# Anything good for rubber care on coupe seals?



## _G_ (Apr 23, 2013)

I have a BMW Coupe (e92) and the suggested product for the window seals is Carboflo but my dealer does not stock this.

I tried Swiss Vax seal feed and that was more for luster than nourishing and protecting the seals.

Next up I tried Einszett Gummi Pflege Stift (rubber care stick) and this has been good but not as durable as Wurth (rubber care stick).

The Wurth seems to last longer but is not that resilient to frost. So on a cold morning I have to use de-icer around the window top (frameless windows) but there is sometimes a bit of frost on the seal itself that kind of sticks to the window if that makes sense.

Thanks


----------



## scratcher (Jul 20, 2010)

Auto Finesse Revive is good for this sort of thing. It helps to repel the water which helps to reduce frost G over.
I put it on all window and door seals to help keep them supple and it stops them freezing shut at this time of year.

Although, in your case, it may be freezing over at the lower seal too - preventing the window from dropping gas you open the door?


----------



## Blueberry (Aug 10, 2007)

I use Swissvax on my frameless window seals and not had any problems with windows frosting and sticking.


----------



## Rollini (Mar 23, 2012)

Blueberry said:


> I use Swissvax on my frameless window seals and not had any problems with windows frosting and sticking.


Want some of the swissvax but it's £42.


----------



## Blueberry (Aug 10, 2007)

It is expensive but you only use a tiny amount each time so the bottle will probably out last you


----------



## Brigham1806 (Apr 1, 2011)

Rollini said:


> Want some of the swissvax but it's £42.


It is worth it.

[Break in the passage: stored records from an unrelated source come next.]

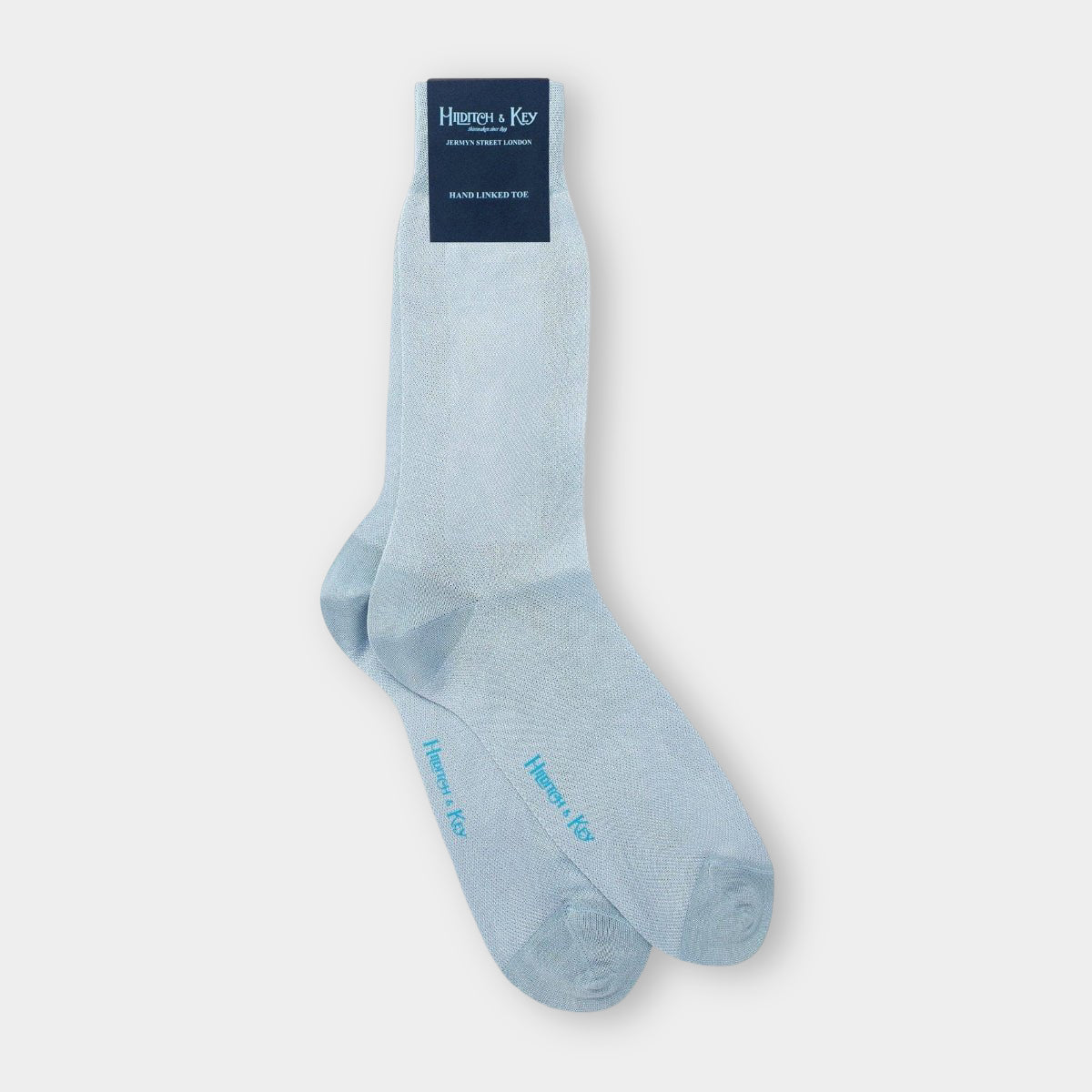 White Pin Dot Cotton Short Socks
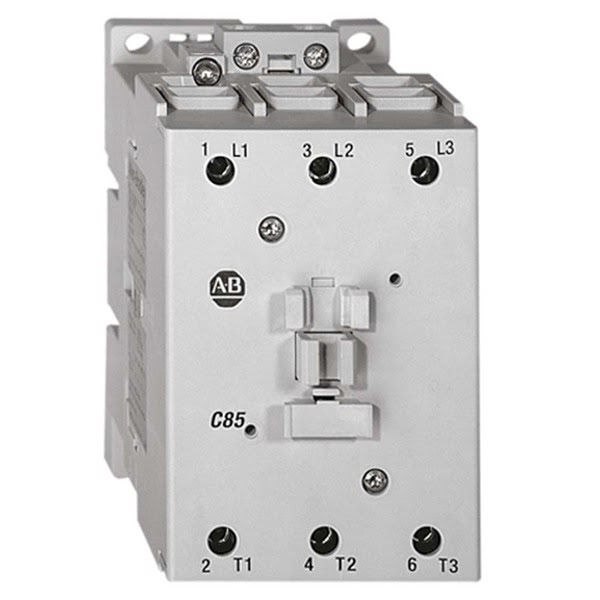 Contactor Allen Bradley 100 Series 100C de 3 polos, 3 NA, 60 A, bobina 24 V ac, 32 kW Contactor Allen Bradley 100 Series 100C de 3 polos, 3 NA, 60 A, bobina 24 V ac, 32 kW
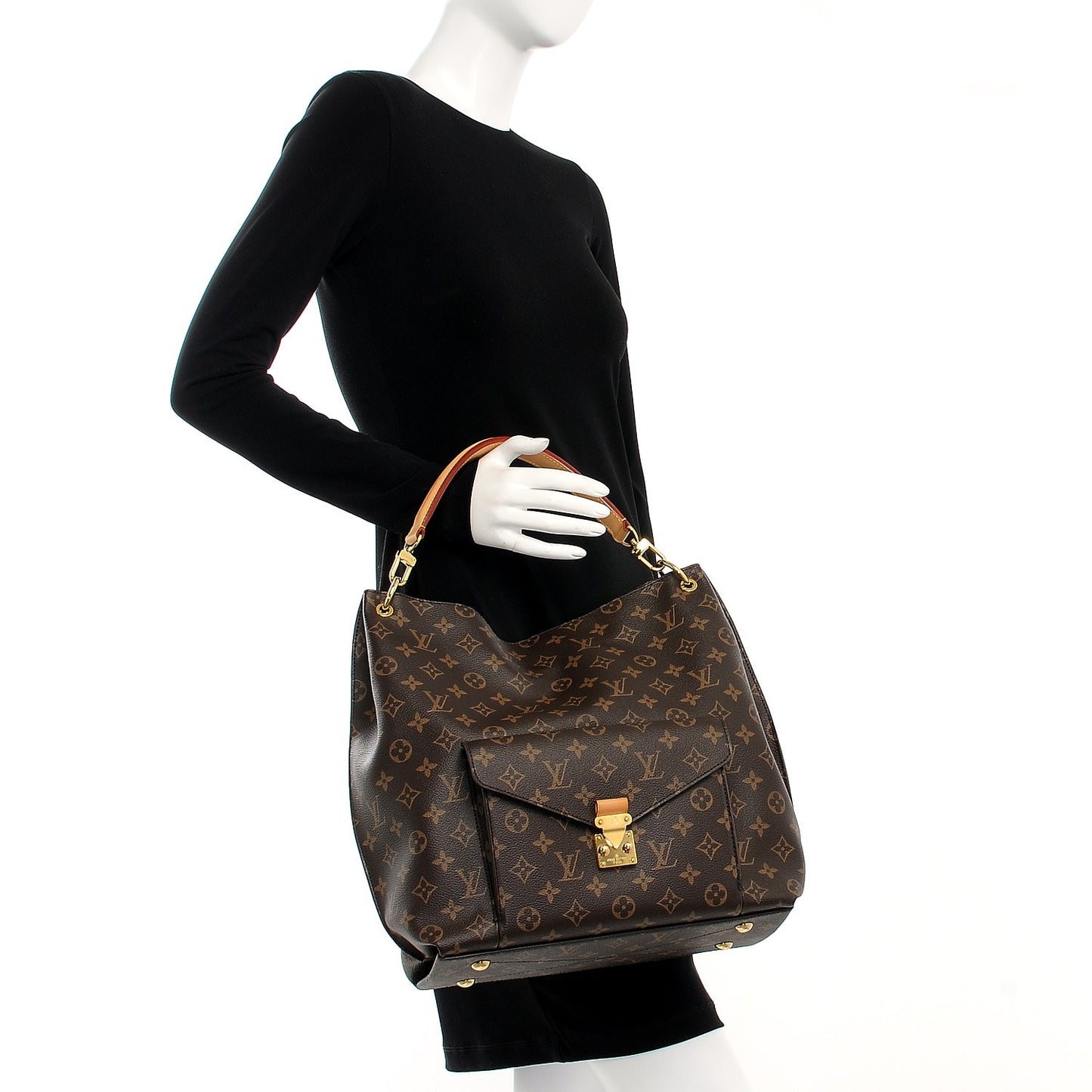 Damier Graphite Sac Leoh Messenger Bag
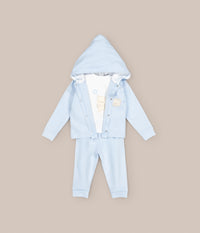 Conjunto Algodon Bebé Bear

Nothing on the market beats it! You could buy it and then flog it on eBay or here to get some cash back.


----------



## Lugy (Nov 4, 2009)

Do any of these products leave marks on the window where it touches the seal?


----------



## _G_ (Apr 23, 2013)

Wurth does leave marks but if you let it dry for 15 minutes or so then the marking is hardly noticeable.

Swissvax is good too but if you use too much then it leaves an oily film on the window when it makes contact.

I figured something out... the angle of the glass can actually be adjusted on my windows. The seals are fine but I tweaked the window and the contact appears to be good. Let's see how it goes when the next frosting comes... the window appears to be pressing firmer on to the seal.


----------



## Summit Detailing (Oct 9, 2006)

vaseline:thumb:


----------



## MickHen (Dec 14, 2013)

I'm using Sonax GummiPfleger (CYC stocks it). 
It does look very similar to the Einszett stick but I only apply it twice a year and never had any issues. 
The seals look like new and in this weather don't freeze shut. 
Although it's a tiny bottle for 7 quid you could always try it out.


----------



## Hazza197 (Dec 14, 2013)

Another vote for Revive, I used to use Gummy Pfledge Stift but found AF more durable.


----------



## Rollini (Mar 23, 2012)

Brigham1806 said:


> It is worth it. Nothing on the market beats it! You could buy it and then flog it on eBay or here to get some cash back.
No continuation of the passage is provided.